##### TASK INPUT

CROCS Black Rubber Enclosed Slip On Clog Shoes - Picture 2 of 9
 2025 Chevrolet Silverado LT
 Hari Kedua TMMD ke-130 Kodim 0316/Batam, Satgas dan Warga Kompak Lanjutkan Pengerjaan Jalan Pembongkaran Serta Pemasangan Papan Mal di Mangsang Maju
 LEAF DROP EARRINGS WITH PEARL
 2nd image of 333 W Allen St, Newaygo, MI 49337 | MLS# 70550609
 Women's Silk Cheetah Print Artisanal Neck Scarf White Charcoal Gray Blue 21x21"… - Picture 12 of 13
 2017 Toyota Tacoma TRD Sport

##########
##### TASK INPUT

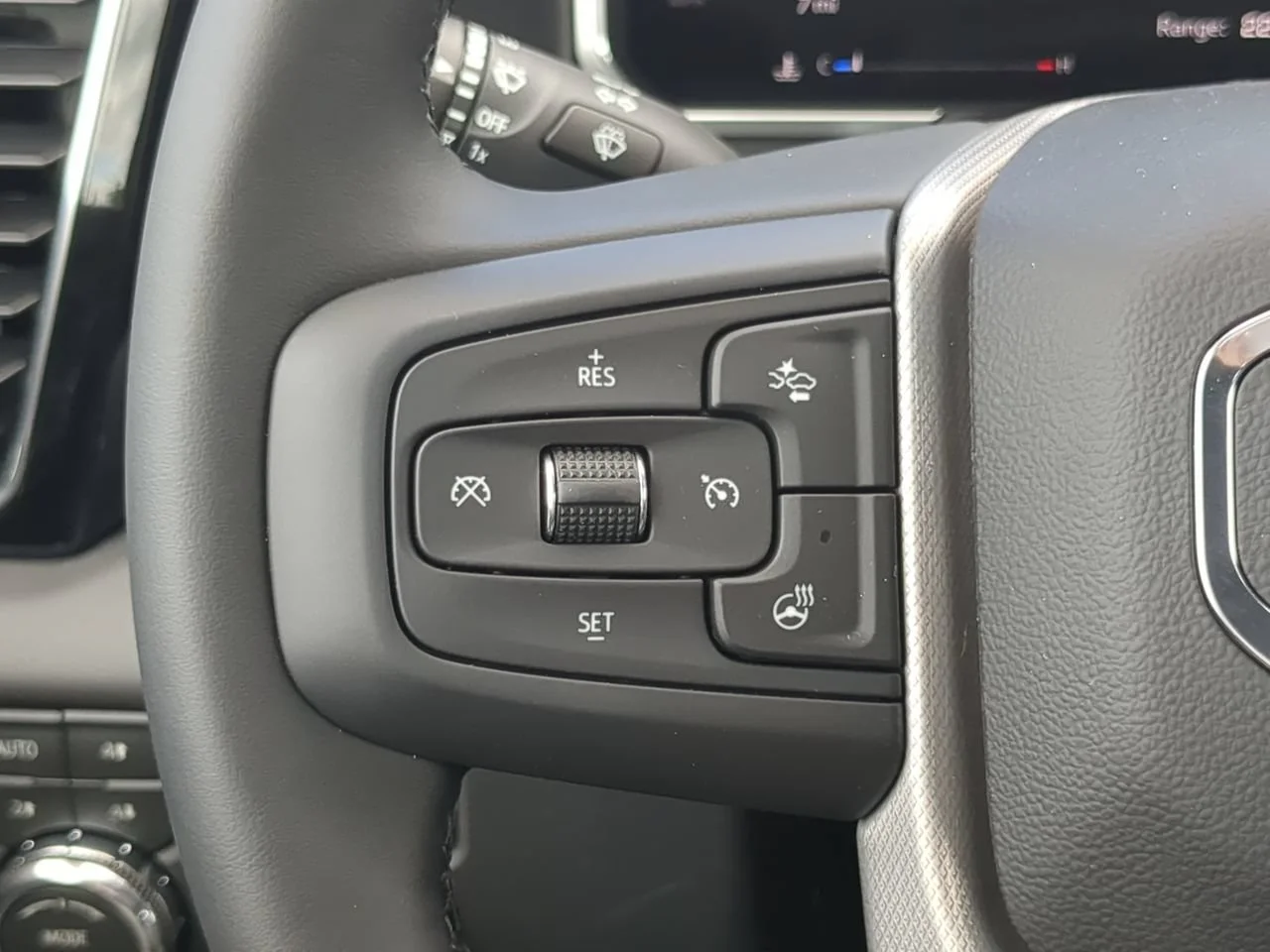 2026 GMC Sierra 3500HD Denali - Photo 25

##########

EXERCISE PROMPT
State how many lines in the entries hold "Picture", please, with no other words.

EXERCISE SOLUTION
2